Something nasty got in the way for my grandson and his fiancé...They can't have their wedding in August this year.
So they are having it next year in August...They had to make up their mind...And they thought August was not the
time to have the wedding this year.......We were supposed to go to her Wedding Shower this month....Cancelled....
We just got the text this morning....Very Sad!!!!!  I think they made a good decision ….


----------



## Ruthanne (Jun 7, 2020)

I have told some friends I want a reciprocal friendship--where we both contact one another, do things we both enjoy, I am willing to try new things that they want to do and ask that they try some things I like too--to see if they like them before making their minds up.

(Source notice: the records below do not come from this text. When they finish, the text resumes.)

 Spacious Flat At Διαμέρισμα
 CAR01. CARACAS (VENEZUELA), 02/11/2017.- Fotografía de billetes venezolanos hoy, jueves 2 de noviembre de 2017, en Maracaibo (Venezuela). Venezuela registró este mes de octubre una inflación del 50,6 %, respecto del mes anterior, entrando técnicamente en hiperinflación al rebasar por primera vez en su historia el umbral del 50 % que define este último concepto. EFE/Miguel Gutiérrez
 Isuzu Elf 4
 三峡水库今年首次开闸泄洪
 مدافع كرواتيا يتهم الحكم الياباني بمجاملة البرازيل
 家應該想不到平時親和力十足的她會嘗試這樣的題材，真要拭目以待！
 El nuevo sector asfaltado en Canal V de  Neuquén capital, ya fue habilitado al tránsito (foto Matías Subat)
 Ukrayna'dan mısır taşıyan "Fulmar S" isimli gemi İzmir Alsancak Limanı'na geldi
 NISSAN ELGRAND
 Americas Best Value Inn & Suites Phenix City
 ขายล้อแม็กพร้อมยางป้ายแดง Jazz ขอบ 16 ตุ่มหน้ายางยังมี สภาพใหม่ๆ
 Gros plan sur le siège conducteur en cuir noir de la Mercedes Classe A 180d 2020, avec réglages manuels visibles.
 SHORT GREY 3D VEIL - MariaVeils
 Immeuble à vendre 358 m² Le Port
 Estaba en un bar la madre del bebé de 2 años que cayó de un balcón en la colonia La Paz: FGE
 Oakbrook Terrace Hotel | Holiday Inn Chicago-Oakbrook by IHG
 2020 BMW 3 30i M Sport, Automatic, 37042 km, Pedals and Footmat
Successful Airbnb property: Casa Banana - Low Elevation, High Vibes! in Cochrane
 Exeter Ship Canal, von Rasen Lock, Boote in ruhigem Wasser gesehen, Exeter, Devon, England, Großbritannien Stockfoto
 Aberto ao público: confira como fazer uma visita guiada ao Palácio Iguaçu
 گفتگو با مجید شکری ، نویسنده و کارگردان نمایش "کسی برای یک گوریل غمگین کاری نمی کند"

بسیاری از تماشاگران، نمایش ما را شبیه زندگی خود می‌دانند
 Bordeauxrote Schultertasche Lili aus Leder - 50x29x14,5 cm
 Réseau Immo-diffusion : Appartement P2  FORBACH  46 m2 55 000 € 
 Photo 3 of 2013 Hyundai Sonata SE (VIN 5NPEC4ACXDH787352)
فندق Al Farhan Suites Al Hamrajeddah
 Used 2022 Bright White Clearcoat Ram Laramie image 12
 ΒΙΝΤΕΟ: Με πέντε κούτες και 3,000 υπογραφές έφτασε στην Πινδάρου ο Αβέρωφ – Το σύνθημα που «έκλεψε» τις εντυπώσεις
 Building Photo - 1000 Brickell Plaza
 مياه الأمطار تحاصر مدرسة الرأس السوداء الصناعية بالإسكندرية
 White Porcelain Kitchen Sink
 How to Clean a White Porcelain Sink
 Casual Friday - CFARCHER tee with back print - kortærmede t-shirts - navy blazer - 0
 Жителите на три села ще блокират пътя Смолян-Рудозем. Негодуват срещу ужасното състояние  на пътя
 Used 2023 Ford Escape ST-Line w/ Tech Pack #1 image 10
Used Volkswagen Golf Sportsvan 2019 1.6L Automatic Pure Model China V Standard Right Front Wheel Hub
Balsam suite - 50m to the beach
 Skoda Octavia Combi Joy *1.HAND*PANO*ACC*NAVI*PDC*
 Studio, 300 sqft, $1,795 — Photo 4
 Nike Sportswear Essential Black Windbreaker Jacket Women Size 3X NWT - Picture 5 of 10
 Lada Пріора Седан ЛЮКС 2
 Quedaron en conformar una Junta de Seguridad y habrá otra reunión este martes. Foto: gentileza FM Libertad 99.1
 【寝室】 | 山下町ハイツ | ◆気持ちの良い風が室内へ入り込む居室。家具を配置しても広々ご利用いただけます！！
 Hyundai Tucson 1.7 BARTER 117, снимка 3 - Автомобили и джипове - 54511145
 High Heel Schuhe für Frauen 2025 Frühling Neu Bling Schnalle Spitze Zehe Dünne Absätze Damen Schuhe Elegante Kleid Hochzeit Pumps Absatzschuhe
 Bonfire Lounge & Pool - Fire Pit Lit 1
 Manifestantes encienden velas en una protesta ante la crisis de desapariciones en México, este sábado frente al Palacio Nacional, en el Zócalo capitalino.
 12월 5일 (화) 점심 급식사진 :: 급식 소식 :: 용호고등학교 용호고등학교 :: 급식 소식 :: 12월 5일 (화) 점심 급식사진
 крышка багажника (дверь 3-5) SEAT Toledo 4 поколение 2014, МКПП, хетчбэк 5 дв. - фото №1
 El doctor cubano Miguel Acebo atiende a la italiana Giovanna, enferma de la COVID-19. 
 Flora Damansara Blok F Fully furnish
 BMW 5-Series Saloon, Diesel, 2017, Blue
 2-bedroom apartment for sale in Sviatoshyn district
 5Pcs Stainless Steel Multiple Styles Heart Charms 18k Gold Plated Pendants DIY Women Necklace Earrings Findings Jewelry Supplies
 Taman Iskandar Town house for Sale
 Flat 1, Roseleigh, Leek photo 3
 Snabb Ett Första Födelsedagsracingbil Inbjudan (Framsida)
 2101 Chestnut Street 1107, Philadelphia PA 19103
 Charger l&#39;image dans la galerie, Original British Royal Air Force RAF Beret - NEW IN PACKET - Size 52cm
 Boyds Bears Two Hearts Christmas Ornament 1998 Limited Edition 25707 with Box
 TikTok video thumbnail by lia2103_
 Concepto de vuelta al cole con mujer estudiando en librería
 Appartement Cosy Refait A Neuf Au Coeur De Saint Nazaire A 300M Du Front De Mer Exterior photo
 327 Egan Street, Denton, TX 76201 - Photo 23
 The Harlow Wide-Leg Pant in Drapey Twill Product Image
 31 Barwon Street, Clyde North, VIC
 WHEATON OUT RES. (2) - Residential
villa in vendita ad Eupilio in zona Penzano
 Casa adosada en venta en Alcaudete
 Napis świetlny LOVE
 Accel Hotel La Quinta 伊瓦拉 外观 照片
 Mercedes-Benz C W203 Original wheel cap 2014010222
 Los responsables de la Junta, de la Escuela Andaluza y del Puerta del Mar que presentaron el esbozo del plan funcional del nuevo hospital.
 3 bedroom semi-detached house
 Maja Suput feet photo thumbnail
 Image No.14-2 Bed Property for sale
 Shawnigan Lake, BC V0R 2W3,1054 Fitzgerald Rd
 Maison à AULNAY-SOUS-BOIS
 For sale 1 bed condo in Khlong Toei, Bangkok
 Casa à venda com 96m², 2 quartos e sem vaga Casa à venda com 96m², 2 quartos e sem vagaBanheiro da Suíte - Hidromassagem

There are also things I refuse to do and hope they can accept that--the thing I refuse to do is travel *although I would do a one-tank-trip*  I have my pet family to care for and can't take them with me on a trip.


----------



## grahamg (Jun 7, 2020)

Do you think the current crisis is having an effect on people, and forcing them, or more likely leading them, or their "friends" to be fair, to reevaluate their friendships? 
I think I'm being forced to a little, and friends who maybe only wanted me around if I accepted being "a step down" or slightly subservient, are proving to me our friendships were a bit one way. I hope not to hold it against them too much, should they change and get in touch, but the "scales have been removed from my eyes" a little.   .


----------



## MarciKS (Jun 7, 2020)

I can totally agree with that Graham.


----------



## Victor (Jun 8, 2020)

You can end these less satisfactory friendships, but you may find yourself alone with no one at all.
What if you have only 1-2 friends?  And  your phone is silent. These forums cannot replace it.


----------



## hellomimi (Jun 8, 2020)

I'm not afraid to be alone now. I'm loving my own company. I'd be fine with I and myself than be with pseudo friends. I'm blessed with a close knit family who makes me feel loved.


----------